ETF Securities Chairman Graham Tuckwell said he is considering future products for the United States. "I always knew the U.S. market was a good one to be in," he told Reuters in a telephone interview. Additional funds are "absolutely something we're thinking of."
The firm has yet to file with the U.S. Securities and Exchange Commission for any more funds and Tuckwell declined to get more specific.
Tuckwell, 53, helped bring the first gold ETF to market in 2003 with the Australian Gold Council. The former investment banker formed ETF Securities in 2005 to focus solely on exchange-traded products.
While the first four U.S. funds from ETF Securities own stockpiles of precious metals like gold and platinum held in vaults, additional funds would likely get exposure to other commodities by owning futures contracts.

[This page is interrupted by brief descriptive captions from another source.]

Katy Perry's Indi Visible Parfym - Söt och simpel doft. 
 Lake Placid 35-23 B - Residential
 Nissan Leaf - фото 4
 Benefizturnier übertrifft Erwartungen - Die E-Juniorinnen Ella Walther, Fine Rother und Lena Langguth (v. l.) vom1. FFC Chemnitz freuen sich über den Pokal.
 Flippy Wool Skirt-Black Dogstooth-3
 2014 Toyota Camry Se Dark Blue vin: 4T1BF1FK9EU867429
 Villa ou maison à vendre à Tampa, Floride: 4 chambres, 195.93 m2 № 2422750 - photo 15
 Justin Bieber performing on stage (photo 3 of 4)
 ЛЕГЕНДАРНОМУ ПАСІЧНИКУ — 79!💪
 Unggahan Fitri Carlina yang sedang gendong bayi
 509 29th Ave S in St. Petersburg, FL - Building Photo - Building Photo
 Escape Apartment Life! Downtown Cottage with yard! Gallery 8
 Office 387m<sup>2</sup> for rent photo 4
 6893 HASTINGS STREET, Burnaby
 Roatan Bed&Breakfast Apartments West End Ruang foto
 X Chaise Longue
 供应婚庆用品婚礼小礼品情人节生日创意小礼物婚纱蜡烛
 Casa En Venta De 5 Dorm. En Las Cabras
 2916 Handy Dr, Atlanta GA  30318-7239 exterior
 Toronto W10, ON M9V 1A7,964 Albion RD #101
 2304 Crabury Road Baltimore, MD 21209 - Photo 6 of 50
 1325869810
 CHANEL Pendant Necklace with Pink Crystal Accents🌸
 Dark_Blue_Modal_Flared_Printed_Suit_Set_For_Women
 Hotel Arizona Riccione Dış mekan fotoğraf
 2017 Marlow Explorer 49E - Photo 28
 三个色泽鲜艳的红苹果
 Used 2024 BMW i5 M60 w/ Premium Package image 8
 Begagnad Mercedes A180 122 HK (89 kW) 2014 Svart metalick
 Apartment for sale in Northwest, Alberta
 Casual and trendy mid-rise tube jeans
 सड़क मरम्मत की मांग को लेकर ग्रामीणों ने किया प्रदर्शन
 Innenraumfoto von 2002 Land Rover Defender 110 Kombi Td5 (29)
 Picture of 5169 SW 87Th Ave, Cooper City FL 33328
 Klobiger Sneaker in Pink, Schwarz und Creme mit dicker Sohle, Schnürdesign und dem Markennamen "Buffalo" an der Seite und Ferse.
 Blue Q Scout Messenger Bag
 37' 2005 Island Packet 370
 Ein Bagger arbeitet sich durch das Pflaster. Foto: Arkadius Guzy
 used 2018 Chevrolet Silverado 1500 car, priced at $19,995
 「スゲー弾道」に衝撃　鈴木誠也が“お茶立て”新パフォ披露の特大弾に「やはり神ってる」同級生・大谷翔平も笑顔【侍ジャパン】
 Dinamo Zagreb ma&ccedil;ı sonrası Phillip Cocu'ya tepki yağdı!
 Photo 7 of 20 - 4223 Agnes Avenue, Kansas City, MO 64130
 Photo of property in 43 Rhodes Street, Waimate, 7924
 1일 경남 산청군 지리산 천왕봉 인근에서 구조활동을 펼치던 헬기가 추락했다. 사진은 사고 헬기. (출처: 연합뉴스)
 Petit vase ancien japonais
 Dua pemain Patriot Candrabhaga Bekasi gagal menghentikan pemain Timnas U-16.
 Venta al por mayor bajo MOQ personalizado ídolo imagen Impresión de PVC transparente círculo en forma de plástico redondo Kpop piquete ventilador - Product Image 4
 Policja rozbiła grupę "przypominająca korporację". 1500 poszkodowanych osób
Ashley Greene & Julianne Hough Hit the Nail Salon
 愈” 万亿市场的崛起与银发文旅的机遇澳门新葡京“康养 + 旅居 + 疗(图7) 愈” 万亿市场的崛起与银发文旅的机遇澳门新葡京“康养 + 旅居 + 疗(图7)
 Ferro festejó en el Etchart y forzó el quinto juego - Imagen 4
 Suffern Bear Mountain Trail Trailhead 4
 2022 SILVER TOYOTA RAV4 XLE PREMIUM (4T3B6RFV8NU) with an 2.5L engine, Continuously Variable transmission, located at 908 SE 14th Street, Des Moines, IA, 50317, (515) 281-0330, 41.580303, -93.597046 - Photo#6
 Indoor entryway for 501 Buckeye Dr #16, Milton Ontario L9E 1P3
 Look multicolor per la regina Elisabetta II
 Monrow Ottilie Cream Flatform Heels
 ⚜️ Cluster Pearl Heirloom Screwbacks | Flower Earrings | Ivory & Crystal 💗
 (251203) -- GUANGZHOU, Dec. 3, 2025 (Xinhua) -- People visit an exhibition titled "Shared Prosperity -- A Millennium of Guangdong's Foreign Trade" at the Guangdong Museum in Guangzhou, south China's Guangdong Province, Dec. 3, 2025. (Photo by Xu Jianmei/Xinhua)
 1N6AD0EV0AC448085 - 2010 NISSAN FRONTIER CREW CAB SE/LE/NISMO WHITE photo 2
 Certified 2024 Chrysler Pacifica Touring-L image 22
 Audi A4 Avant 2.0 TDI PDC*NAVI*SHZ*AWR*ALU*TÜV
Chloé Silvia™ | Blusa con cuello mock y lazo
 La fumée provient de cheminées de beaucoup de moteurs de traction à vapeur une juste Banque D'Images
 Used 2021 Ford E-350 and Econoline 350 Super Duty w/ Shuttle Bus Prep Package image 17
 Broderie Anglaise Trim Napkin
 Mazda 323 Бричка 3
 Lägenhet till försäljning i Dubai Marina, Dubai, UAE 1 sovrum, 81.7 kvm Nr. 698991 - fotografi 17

On the London Stock Exchange, the firm runs funds linked to all manner of commodities futures contracts including cocoa, hogs and copper.
Despite the array of commodity ETFs already trading in the United States, some gaps remain, investors said.
Roger Nusbaum, chief investment officer at Your Source Financial who frequently buys ETFs for clients, said he would be interested in funds linked to prices of lumber and palm oil, for example.
"Lumber seems like an obvious gap to me," Nusbaum said. "Palm oil could be a great proxy for (investing in) Southeast Asia."
New products could also succeed with lower fees, Morningstar's Justice said.
ETF Securities emphasizes that its gold fund keeps its holdings in a Swiss vault, which some investors may consider more secure than competitors' holdings stored in London or the United States. "They're marketing to the conspiracy theorists which does appeal to a portion of gold investors," Morningstar's Justice said.
The firm's most popular new U.S. offering is the ETFS Physical Platinum Shares fund (PPLT.P), which was launched in January and is already worth $521 million. The fund benefited from the lack of any prior ETF focusing on the metal at a time when platinum prices have been rising steadily.
The ETFS Physical Palladium Shares fund (PALL.P), which also debuted in January, had early success thanks to a lack of competing funds and is now worth $270 million.
Palladium prices hit a two-year high on Monday, with physical buying due to strong industrial and investment demand also boosting sister metal platinum to its highest level since August 2008.